* _AVAILABLE DATA_:
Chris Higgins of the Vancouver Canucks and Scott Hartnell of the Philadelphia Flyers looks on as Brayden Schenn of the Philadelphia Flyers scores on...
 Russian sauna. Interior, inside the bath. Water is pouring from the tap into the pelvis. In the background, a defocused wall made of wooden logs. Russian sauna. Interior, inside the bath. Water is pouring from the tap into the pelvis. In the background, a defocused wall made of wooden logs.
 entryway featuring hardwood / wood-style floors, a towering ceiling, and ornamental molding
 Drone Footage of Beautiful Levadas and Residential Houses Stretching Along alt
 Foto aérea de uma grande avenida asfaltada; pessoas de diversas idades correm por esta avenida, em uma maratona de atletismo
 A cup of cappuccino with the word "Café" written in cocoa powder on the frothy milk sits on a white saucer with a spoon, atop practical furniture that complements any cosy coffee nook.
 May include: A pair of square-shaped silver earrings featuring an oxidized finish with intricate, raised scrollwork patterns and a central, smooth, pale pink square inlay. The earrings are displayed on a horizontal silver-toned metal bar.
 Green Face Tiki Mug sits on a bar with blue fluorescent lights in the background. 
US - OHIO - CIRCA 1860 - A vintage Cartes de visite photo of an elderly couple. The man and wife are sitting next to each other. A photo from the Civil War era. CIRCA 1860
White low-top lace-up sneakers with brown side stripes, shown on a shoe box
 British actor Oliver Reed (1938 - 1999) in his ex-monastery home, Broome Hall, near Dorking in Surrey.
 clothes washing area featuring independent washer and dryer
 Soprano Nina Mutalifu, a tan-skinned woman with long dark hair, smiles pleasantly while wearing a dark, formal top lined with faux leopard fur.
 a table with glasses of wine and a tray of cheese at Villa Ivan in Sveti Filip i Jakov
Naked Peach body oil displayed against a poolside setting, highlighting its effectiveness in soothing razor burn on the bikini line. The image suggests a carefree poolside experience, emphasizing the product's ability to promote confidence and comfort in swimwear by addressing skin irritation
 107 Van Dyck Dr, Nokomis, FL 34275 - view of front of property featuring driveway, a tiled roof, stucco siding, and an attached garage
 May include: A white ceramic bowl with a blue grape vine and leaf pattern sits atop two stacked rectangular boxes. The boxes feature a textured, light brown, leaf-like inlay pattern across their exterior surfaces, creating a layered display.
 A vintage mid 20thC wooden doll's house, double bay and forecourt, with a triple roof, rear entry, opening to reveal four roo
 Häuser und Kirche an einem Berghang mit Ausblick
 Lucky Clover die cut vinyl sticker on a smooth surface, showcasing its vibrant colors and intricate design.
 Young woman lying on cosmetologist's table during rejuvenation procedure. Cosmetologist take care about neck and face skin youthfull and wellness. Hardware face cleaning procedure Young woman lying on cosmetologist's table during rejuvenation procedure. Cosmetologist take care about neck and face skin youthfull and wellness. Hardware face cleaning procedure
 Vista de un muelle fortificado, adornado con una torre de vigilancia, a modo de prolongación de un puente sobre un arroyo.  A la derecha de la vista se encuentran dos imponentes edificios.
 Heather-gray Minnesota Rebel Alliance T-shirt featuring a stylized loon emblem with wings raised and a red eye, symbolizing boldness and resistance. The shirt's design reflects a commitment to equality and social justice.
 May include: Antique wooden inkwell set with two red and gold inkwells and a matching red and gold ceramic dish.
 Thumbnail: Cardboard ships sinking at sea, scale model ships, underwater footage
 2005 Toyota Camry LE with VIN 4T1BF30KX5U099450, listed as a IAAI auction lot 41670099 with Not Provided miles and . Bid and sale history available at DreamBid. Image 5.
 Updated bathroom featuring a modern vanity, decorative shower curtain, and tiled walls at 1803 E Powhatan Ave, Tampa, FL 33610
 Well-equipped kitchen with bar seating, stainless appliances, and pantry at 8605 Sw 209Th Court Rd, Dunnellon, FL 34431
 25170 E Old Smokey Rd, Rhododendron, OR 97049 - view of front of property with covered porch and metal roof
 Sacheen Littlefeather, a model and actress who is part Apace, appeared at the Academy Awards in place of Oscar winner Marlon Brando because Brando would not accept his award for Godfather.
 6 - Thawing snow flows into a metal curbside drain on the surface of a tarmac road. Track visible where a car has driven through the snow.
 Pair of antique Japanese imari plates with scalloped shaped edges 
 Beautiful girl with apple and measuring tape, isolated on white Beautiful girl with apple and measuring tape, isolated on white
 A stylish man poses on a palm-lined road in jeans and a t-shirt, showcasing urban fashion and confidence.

* _TASK TO COMPLETE_: Wherever a line of the material has the word "smooth", add it to a tally; give only the final number.

* _ANSWER FOR THIS EXERCISE_: 2